Diritto civile e penale a confronto nei reati contro il patrimonio
03 Apr 2014
Il patrimonio e la proprietà privata come beni giuridici protetti dal diritto penale hanno un rango ridotto a livello costituzionale, perché non sono ritenuti diritti fondamentali (come invece, per esempio, il diritto alla vita, alla salute, alla libertà di pensiero, ecc).
Patrimonio e proprietà privata invece sono garantiti nella loro forma “sociale” e subordinati comunque all’interesse collettivo.
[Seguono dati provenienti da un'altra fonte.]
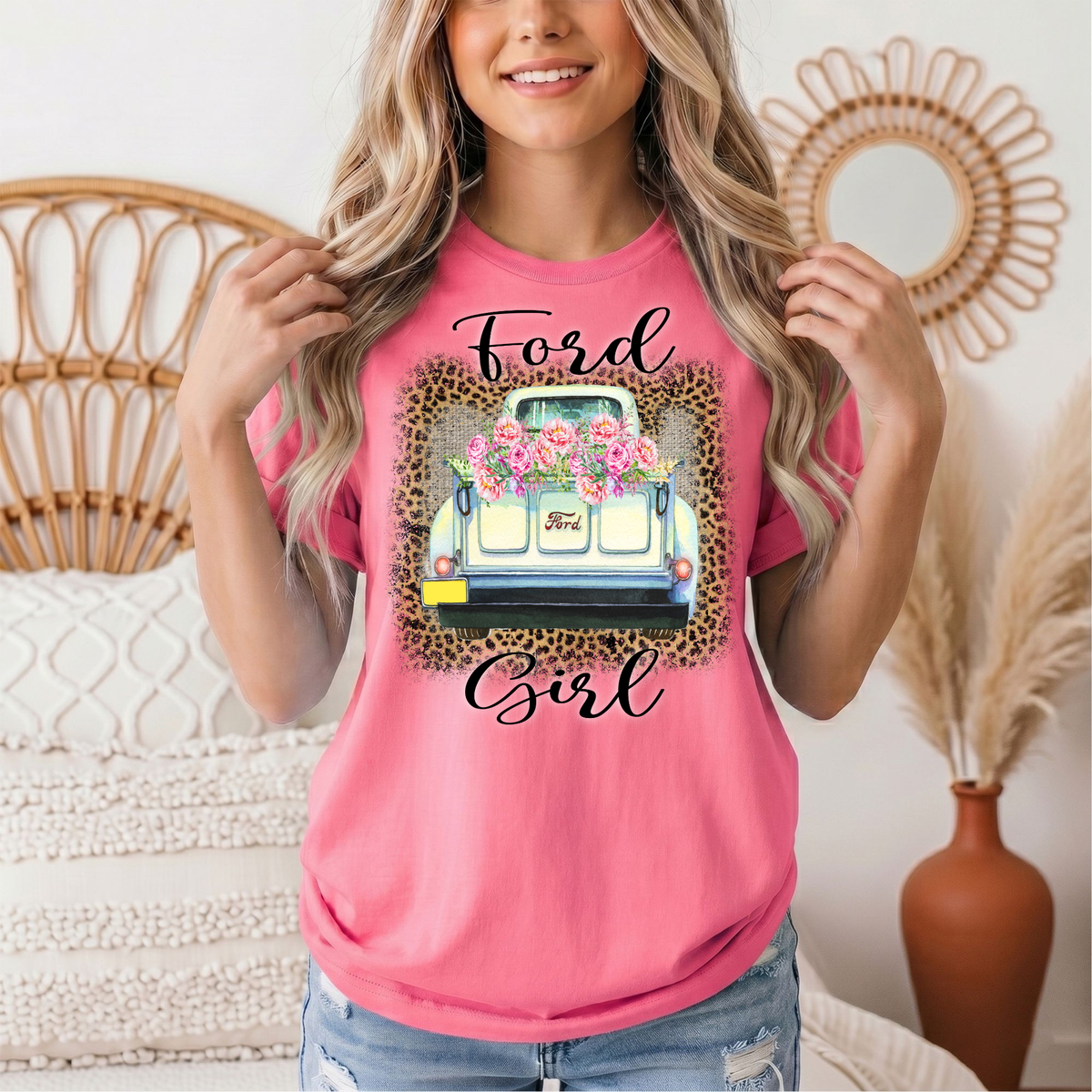 Ford Girl Floral Vintage Truck & Leopard Graphic Tee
In particolare, il patrimonio come bene giuridico è protetto dal legislatore solo con riferimento a particolari e tipizzate forme di aggressione.
Aggressione:
1) mediante violenza
2) mediante frode
senza che sia, spesso, necessaria l’effettiva lesione patrimoniale (solo in poche figure giuridiche è previsto il danno patrimoniale quale elemento oggettivo del reato; del pari la previsione di un dolo di profitto non è strettamente collegato alla lesione patrimoniale).
Uno dei principali problemi affrontati in dottrina in questo ambito è stato quello di discernere il rapporto fra il diritto penale e quello civile: quando il codice penale, nella formulazione delle norme de quo, richiama concetti civilistici (id est, possesso, proprietà, detenzione) fa un richiamo recettizio al diritto civile oppure questi istituti hanno rilevanza autonoma nel diritto penale? La giurisprudenza prevalente li ritiene concetti autonomi da adattare alle situazioni presenti nella norma penale.
Vediamo un esempio
Possesso: nell’ambito civilistico questo concetto richiama un rapporto di fatto fra il “possessore” e la cosa posseduta. Oltre all’elemento materiale viene però in rilievo anche un elemento soggettivo ossia l’animus possidendi, che rivela la volontà del possessore di comportarsi con la cosa come esercitando il potere del proprietario.
Il concetto di possesso rileva per esempio nel furto e nell’appropriazione indebita.
Furto, art. 624 c.p.: “Chiunque s’impossessa della cosa mobile altrui, sottraendola a chi la detiene, al fine di trarne profitto per sé o per altri, è punito con la reclusione da sei mesi a tre anni e con la multa da euro 154 a euro 516.”
Appropriazione indebita, art. 646 c.p.: “Chiunque, per procurare a sé o ad altri un ingiusto profitto, si appropria il denaro o la cosa mobile altrui di cui abbia, a qualsiasi titolo, il possesso, è punito, a querela della persona offesa, con la reclusione fino a tre anni e con la multa fino a euro 1.032.”
In diritto penale pare dunque l’analisi della norma risulta svincolata dal concetto penale. Il possesso consisterà quindi nella relazione di fatto con la cosa, che si esercita al di fuori della sfera giuridica di sorveglianza di chi con la cosa ha un potere maggiore.